3.2 Delivery. Transfer of risk


The agreed commercial terms shall be interpreted in accordance with the INCOTERMS® in force at the time of conclusion of the Contract. If no trade term has been specifically agreed, delivery shall be Ex Works (EXW) at the place indicated by the Supplier.



When SESAM Container is responsible for delivery of the Products, the Buyer shall inspect the Products upon receipt and notify SESAM Container in writing of any transport damage within forty-eight (48) hours of delivery. If this is not done, the costs of remedying the damage shall be borne by the Buyer or its insurer.


3.3 Acceptance test



The acceptance test referred to in paragraphs 6 to 9 shall not be carried out unless the parties have expressly agreed that such a test shall be carried out.


3.4 Delivery time



SESAM Container will provide the Buyer with a non-binding estimate for the delivery of the Products when the Products are ordered. A binding delivery date or delivery period will only be given by SESAM Container if the Buyer requests it in writing.


3.5 Payment



Unless otherwise agreed, the purchase price shall be paid to SESAM Container not later than thirty (30) days from the date of delivery and the second paragraph of clause 19 shall not apply. Time of payment is of the essence of the contract and SESAM Container reserves the right to suspend the supply of Products to the Buyer if any amounts are due under the contract or under any other contract until all such amounts have been paid. No queries regarding an invoice will be processed more than 14 days after the issue of the invoice.
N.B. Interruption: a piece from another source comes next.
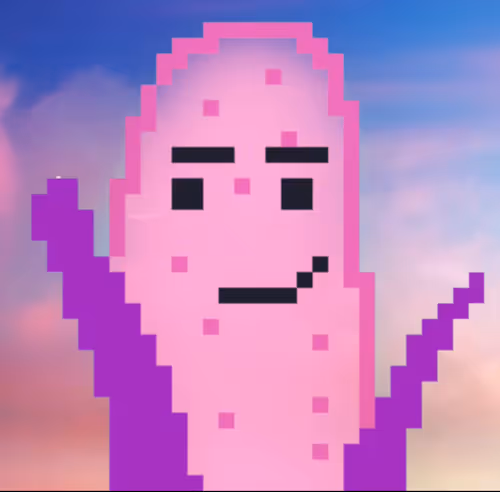 Item #101224984569045816915529405046202136512217513900412099405040355757806227292180 Media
Payment shall be made in the currency in which the purchase price was indicated by SESAM Container.


If SESAM Container has entered into a “Credit Agreement” with Buyer, the Credit Agreement with its credit limit shall form part of the contract. To the extent permitted by applicable law, if, in SESAM Container’s reasonable opinion, there is reason to doubt the Buyer’s creditworthiness at any time, such as, but not limited to, the Buyer’s failure to pay SESAM Container’s invoice on this agreement or any other agreement when due and/or the Buyer exceeds its agreed credit limit with SESAM Container, then SESAM Container may, refuse to proceed with orders or suspend delivery of products to the buyer, under this contract and any other contract, agreement or arrangement entered into with the buyer whether independent of or linked to this contract without breaching the contract and without incurring any liability to the buyer until SESAM Container is paid for the relevant products or the parties otherwise resolve the issue.

3.6 VAT



The purchase price is strictly net and excluding VAT and the like.


3.7 Retention of product



Until title to the Product has passed to Buyer, Buyer shall keep the Product and any part thereof in Buyer’s possession clearly labelled or otherwise identified as SESAM Containers and store it separately from Buyer’s own plant and equipment. SESAM Container shall be entitled to enter the Buyer’s premises at any time during normal working hours to inspect the Product and ensure that it is so labelled or clearly identified.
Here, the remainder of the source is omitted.